Local NAACP leaders challenged a group of young, black men called the Mobilizers to go out and organize students in the schools to walk out of school every Monday to put economic pressure on the school system. My father was one of those young, black men, serving as chairman of the Mobilizers. They took up the charge, driven by a mix that was a sign of the times: equal parts civil rights struggle and Black Power Movement.
At their height, Black Mondays, as they would come to be called, saw 68,000 students and close to 800 teachers stand up for their community by staying home from school. The school board agreed to appoint two (non-voting) African Americans to the board, and shortly thereafter state law would allow for actual representation on the board. Those African American school board members would be instrumental in appointing the first African American superintendent (also the only principal who supported Black Mondays), who would go on to be the first elected black mayor of Memphis.
You won’t read about my father, Cardell Jackson, and his compatriots who did the organizing in most history books. The role they played is all but forgotten except by those few school board members and NAACP leaders who are still with us. These are the forgotten tales of black history, long and interconnected threads that you can’t see at the time and maybe not for years in the future. These are the elements of change and unintended consequences that lead to the historical milestones we eventually read about.
And these are the reasons that I am so appreciative of our Stand leaders and members. They recognize the long road towards systemic change that leads to every child benefitting from a quality education and having the opportunities each and every one of them deserves.
The policies we advocate for tomorrow will not be labelled with our names, but they will bear our fingerprints. Your watchful eye of accountability to make sure that policy is implemented well may not be documented in the final tale. The school board members we elect will be the ones remembered for their bold and brave stands for children. Yet, these things don’t happen without individuals -- like you -- joined together within groups like Stand for Children. The unknown soldiers are the latticework for change.
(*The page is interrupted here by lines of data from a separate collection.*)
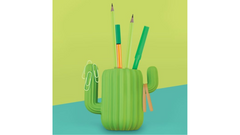 MUSTARD PEN POT ORGANIZER CACTUS
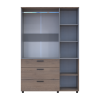 Kleiderschrank Doros Thorn Cremona Cannolo/Grau 3 Türen 3 Schubladen Kleiderstange 135x51,6x200 (44900505)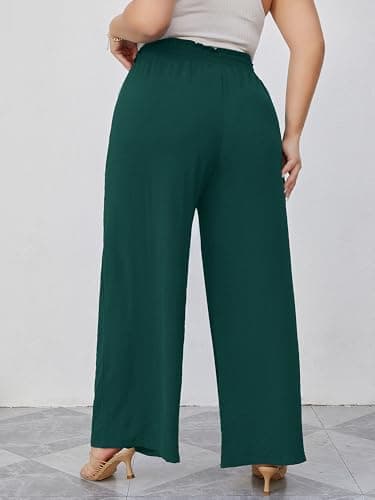 AusLook Plus Size Wide Leg Pants for Women High Waist Elastic Drawstring Palazzo Casual Lounge Beach Travel Vacation Resort Peacock Green 2X Pants with Pockets Flowy Summer Comfy Outfit - Thumbnail 2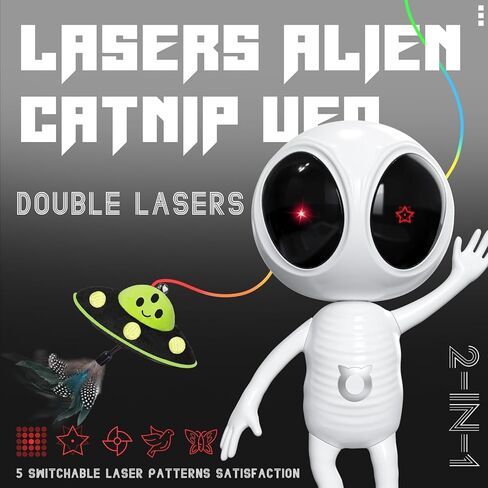 لعبة ليزر للقطط، ألعاب تفاعلية 2 في 1 مع ليزر مزدوج ونبات النعناع البري UFO المتدلي، مسار عشوائي منشط بالحركة الذكية، 4 أوضاع للسرعة، قابلة لإعادة الشحن، تصميم هادئ ومشبك للقطط الداخلية التي تشعر بالملل in Kuwait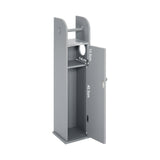 Grey bathroom toilet roll cabinet with open door and top roll holder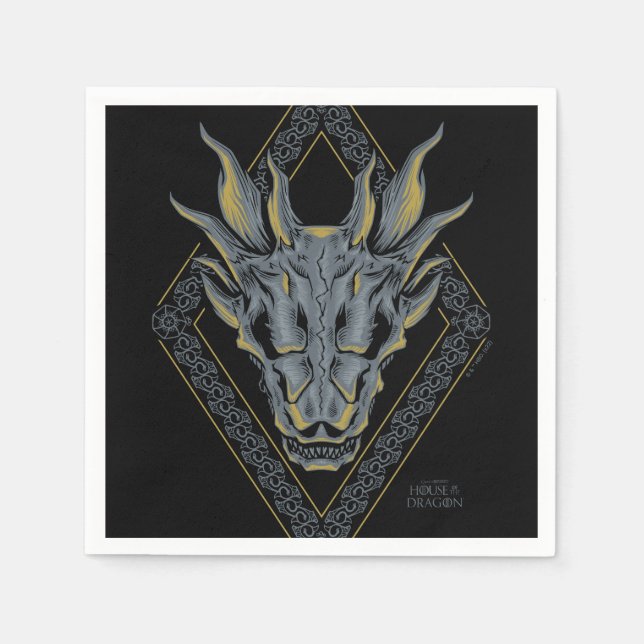 HOUSE OF THE DRAGON | Balerion Skull Diamond Napkin (Front)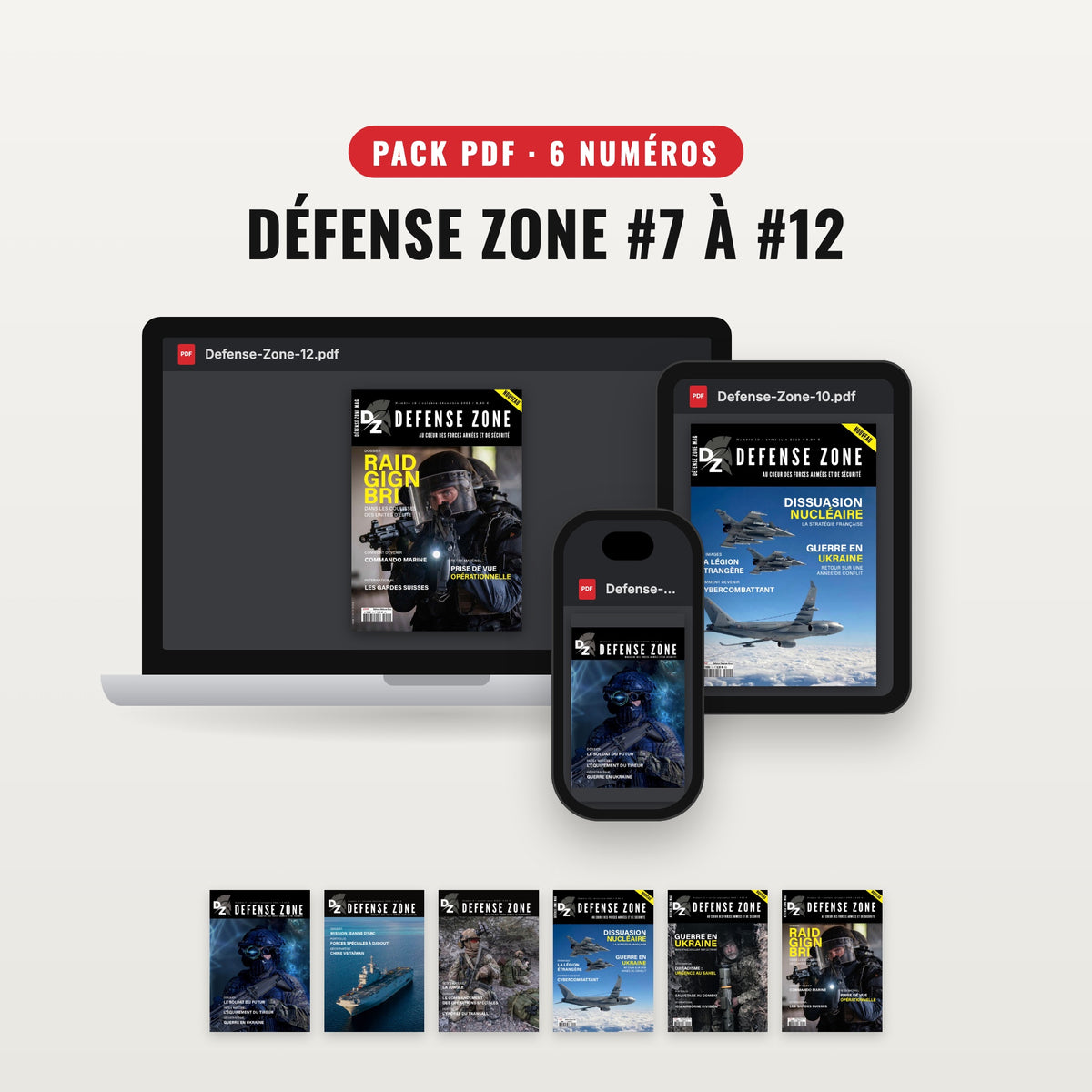 Pack PDF Défense Zone #7 à #12 sur ordinateur, tablette et téléphone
Now, my father didn’t go on to be a “model” citizen. Growing up as a young, black man in Memphis’ Orange Mound [the first African American neighborhood in the U.S. built by African Americans], my father’s prospects were limited by the bounds of systemic racism. I lost him from much of my life as he struggled with drug addiction and imprisonment, where he led efforts for prisoners to return as positive citizens. He didn’t benefit from the equity and representation that he helped to put in place, but I did. I don’t know if he would have described himself as a black education champion, but I know that Maxine Smith, one of those first African American school board members and a Memphis NAACP leader, did.
As we move into February - Black History Month - we get to reflect on the impact of people of the African diaspora on the history of the United States and the world. I encourage you to think about the people between the lines of the history books. In that context, think about yourself, the people in your school, your Stand chapter, and your broader community. We all can find our own part to play in the larger effort to build greater equity in access to quality schools for all children. Whether in the moment or over a lifetime, each step moves us closer to the outcome we all desire and need.